Work order. Each line from the one with "French American Indian" through the last line below must be written out exactly. Do not copy pictures.

Recorded information.

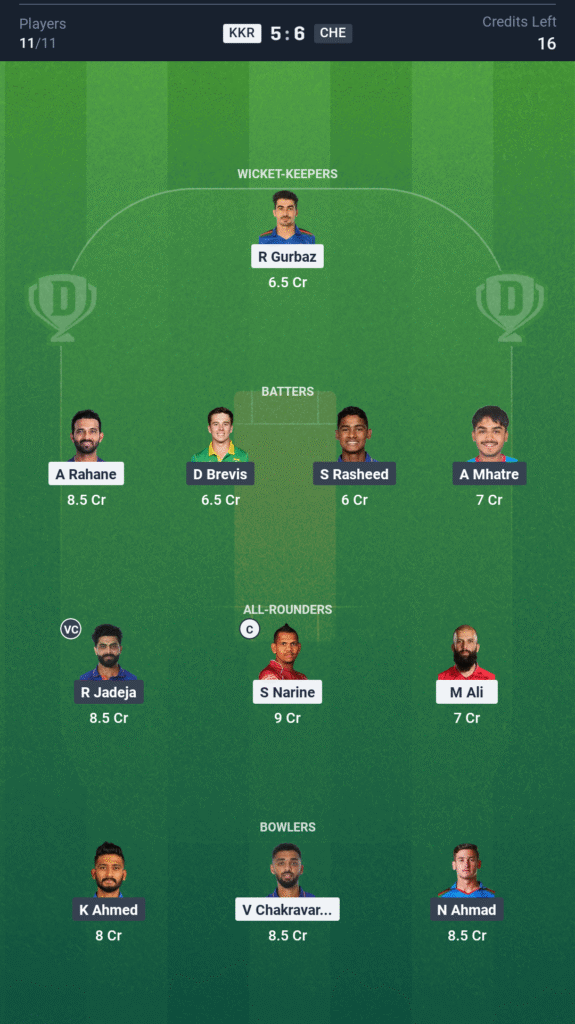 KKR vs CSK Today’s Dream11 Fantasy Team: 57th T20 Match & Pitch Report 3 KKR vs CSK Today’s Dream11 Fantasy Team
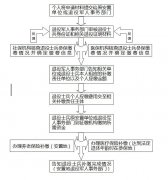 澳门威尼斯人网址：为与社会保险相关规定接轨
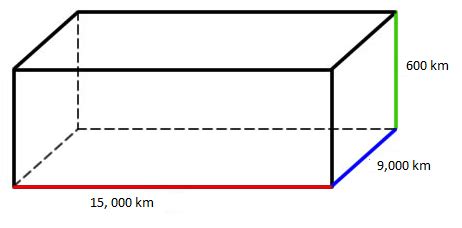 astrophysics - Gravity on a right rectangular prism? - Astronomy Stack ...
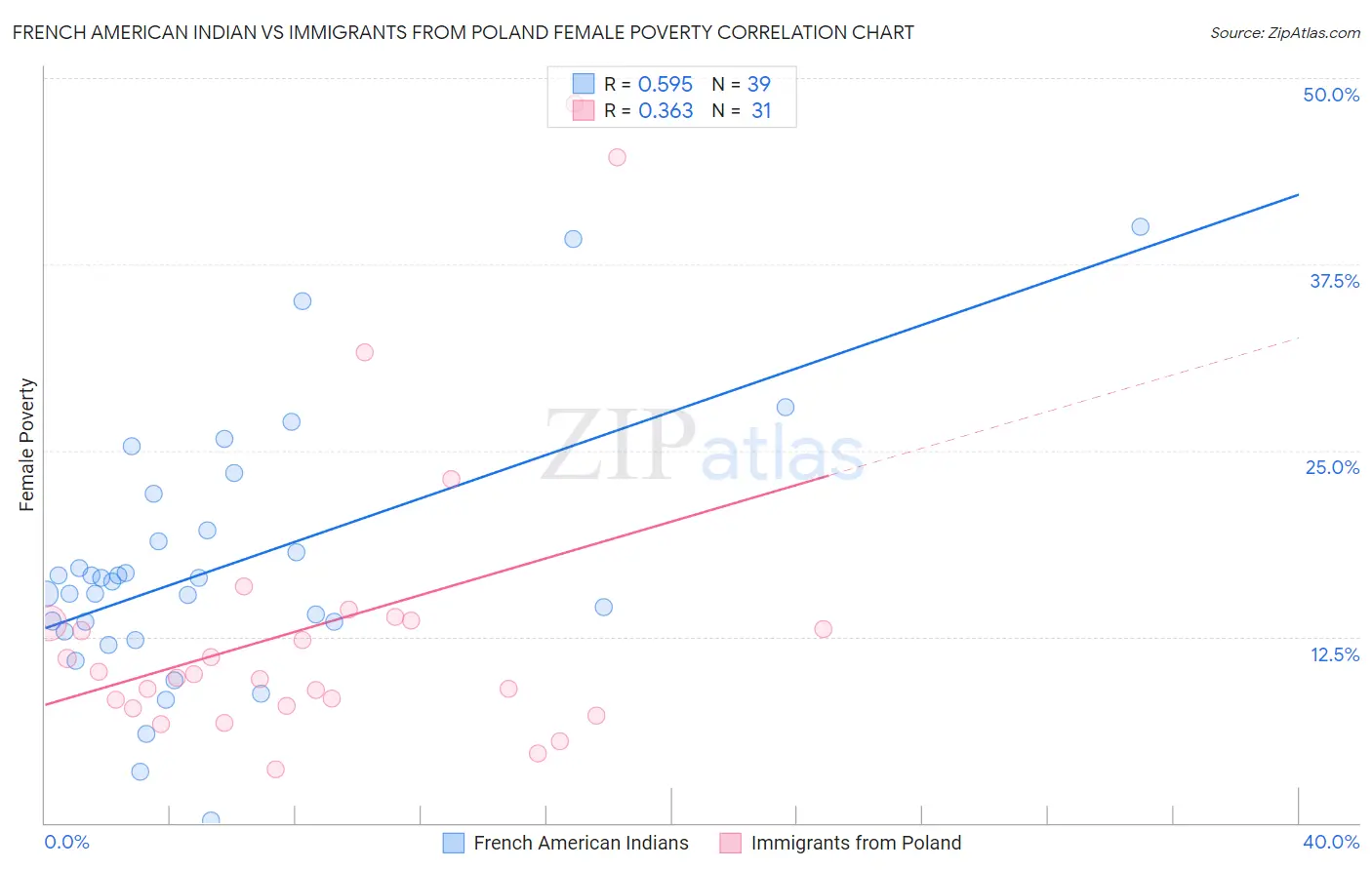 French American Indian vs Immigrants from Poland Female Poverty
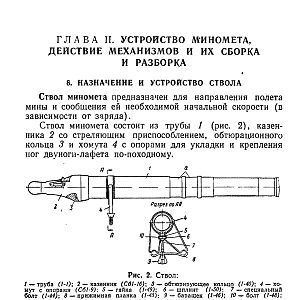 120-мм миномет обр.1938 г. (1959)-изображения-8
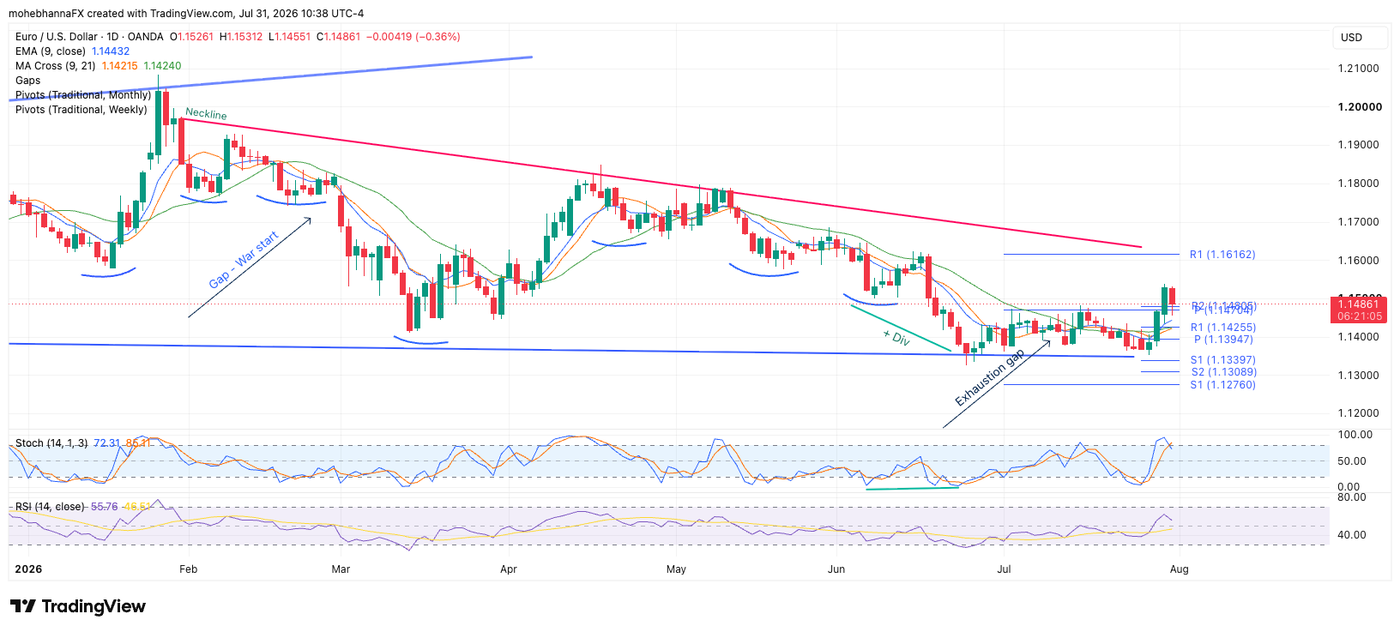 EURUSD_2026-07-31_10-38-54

Exercise solution.
 French American Indian vs Immigrants from Poland Female Poverty
 120-мм миномет обр.1938 г. (1959)-изображения-8
 EURUSD_2026-07-31_10-38-54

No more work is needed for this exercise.